The English Historical Review is sharing Matthew McCormack’s article “‘So Manly and Ornamental’: Shoe Buckles and Britain’s Eighteenth Century.”

I suspect this article could be of particular interest to reenactors, especially those portraying the upper-class and striving members of society.

From the abstract:
At the time, shoes were manufactured without fastenings and the buckle was purchased separately. This offered opportunities for decoration, particularly for men, whose shoes were otherwise plain and unchanging.

Over the course of the century, buckles grew larger and more elaborate, reaching their apogee in the ‘Artois’ style of the 1780s. In the wake of the French Revolution, buckles came to be associated with effeminacy and the excesses of the aristocracy, so fell from fashion.

This article explores the roles of gender and class in this story, and will challenge the usual association of the buckle with foppery, demonstrating that they were consistent with mainstream masculinities until the 1790s.
About that point, McCormack writes in the conclusion, “the buckle trade was done for.”

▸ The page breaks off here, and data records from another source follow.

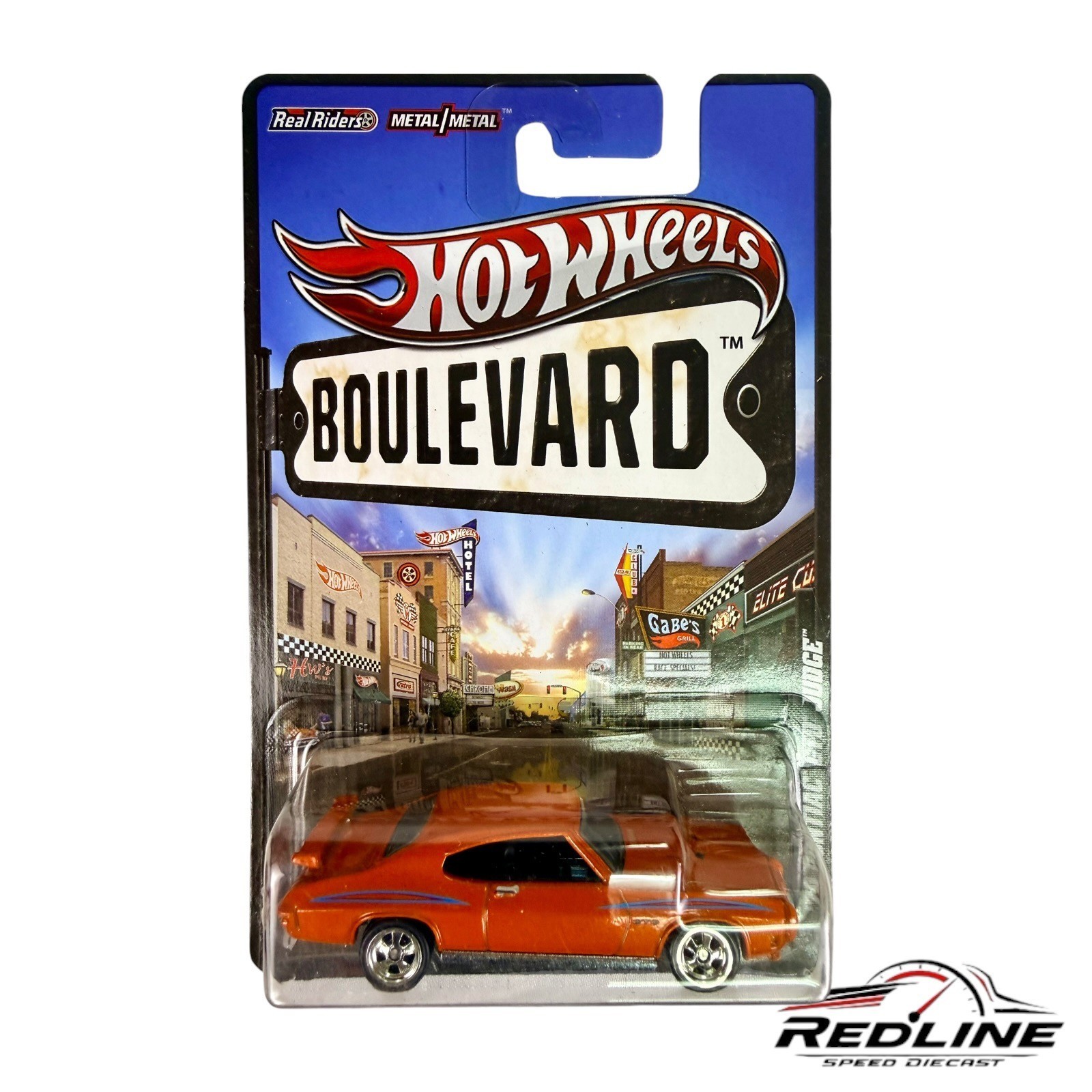🇺🇸Hot Wheels 2011 Boulevard Legends Series 70 Pontiac GTO Judge H13🇺🇸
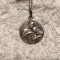 argint MEDALION ISUS HRISTOS facand o MINUNE 1900 FRANTA superb pe Lant argint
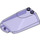 LEGO Transparent Purple Windscreen 4 x 6 x 1.3 Curved (5378)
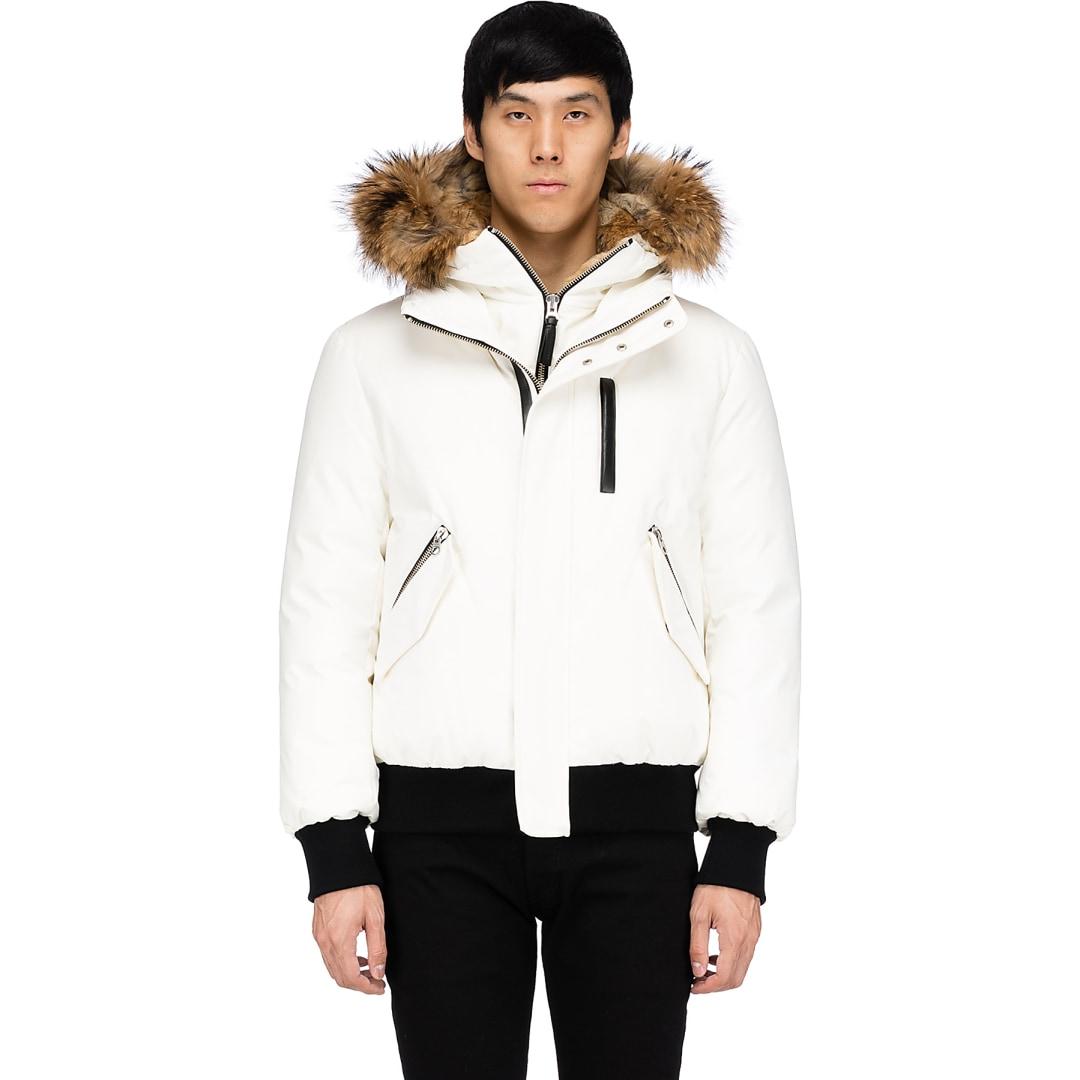 mackage white jacket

And even if you’re just not that into clothing, there’s some snazzy historiographical content:
The shoe historians Bernard and Therle Hughes deployed an extract from The London Spy (1698), in which city beaus wear ‘Shoes black as Jet, which shin’d by much Rubbing … displayed Buckles preserv’d bright in a Box of Cotton, that they dazzled the Eyes of each Beholder like a piece of Looking-Glass in the Sunshine’. This passage has been re-quoted by subsequent shoe historians, since it conveniently reinforces the image of buckles as showy and excessive, but it is in fact a misquotation: the original passage instead refers to black boots (which did not have buckles) and shiny spurs.
For more along the same lines, Routledge is ready to share McCormack’s chapter from the essay collection Everyday Political Objects, titled “Wooden Shoes and Wellington Boots: The Politics of Footwear in Georgian Britain.”

[Shown above: Jeremiah Lee’s shins and shoe buckles, by John Singleton Copley.]